The tewag team is continually working to advance knowledge in the field of geothermal energy. Its aims are to enhance understanding of the systems involved; to devise generally applicable rules for high-quality planning and professional execution and monitoring of geothermal systems; and to optimise geothermal energy supply concepts.
Cold Local Heat Supply
In recent years we have, among other projects, been carrying out research into centralised and decentralised geothermal heat supply systems. As part of those activities, we successfully completed a research project on "Cold local heat supply". With a cold local heat network it is possible to supply a complete settlement very efficiently with heat and cold by means of a central probe field and the distributed deployment of heat pumps at the individual consumer locations. The research project, financed by the German Federal Ministry of Economics and Technology, enhanced our knowledge of modelling, heat transfer, energy transport, the installation of distribution networks, and the use of appropriate materials and control components. The findings obtained and the experience gained, combined with the development of a special planning and design software, brought the innovative supply system to market maturity. The tewag team has already implemented cold local heat supply networks at the "Sonnenberg" construction site in Ludwigsburg and the "Grüne Höfe" site in Esslingen.
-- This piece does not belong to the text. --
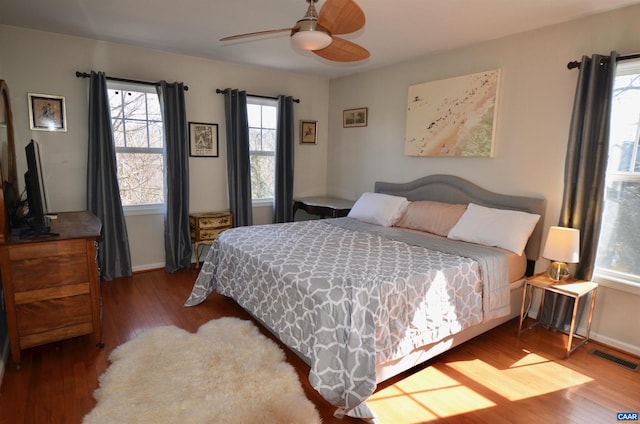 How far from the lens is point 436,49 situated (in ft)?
11.8

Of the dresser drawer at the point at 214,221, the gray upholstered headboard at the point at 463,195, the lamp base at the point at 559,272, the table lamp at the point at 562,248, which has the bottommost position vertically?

Quality Criteria for Geothermal Systems
Current research activities are focused on quality assurance in the planning, construction and operation of geothermal probe systems. We are drawing up recommendations as to how ground-water pollution can be avoided, detailing the essential aspects of sound planning, setting out the potential impact on drilling operations of geotechnical risks, and explaining what state-of-the-art execution of drilling and supply connection work means. Our objective is to set forth criteria for working with soil and ground-water which minimise the risks and safeguard sustainable management of the underground environment in order to preserve natural cycles.
In an already completed project, we analysed and assessed a CO2 probe (thermosiphon heat pipe). We are at present analysing the use of a direct-evaporator probe (also termed: phase-change probe). This project is also investigating the possibilities for combining a solar energy plant with a ground-source heat pump system. The heat source for this is a cascaded solar energy store in a "geothermal cistern" with artificial freezing of the ground.
The highly interdisciplinary nature of the research projects, and the close cooperation between project partners, is making it increasingly easy to find satisfactory answers to complex, over-arching questions in research and development work.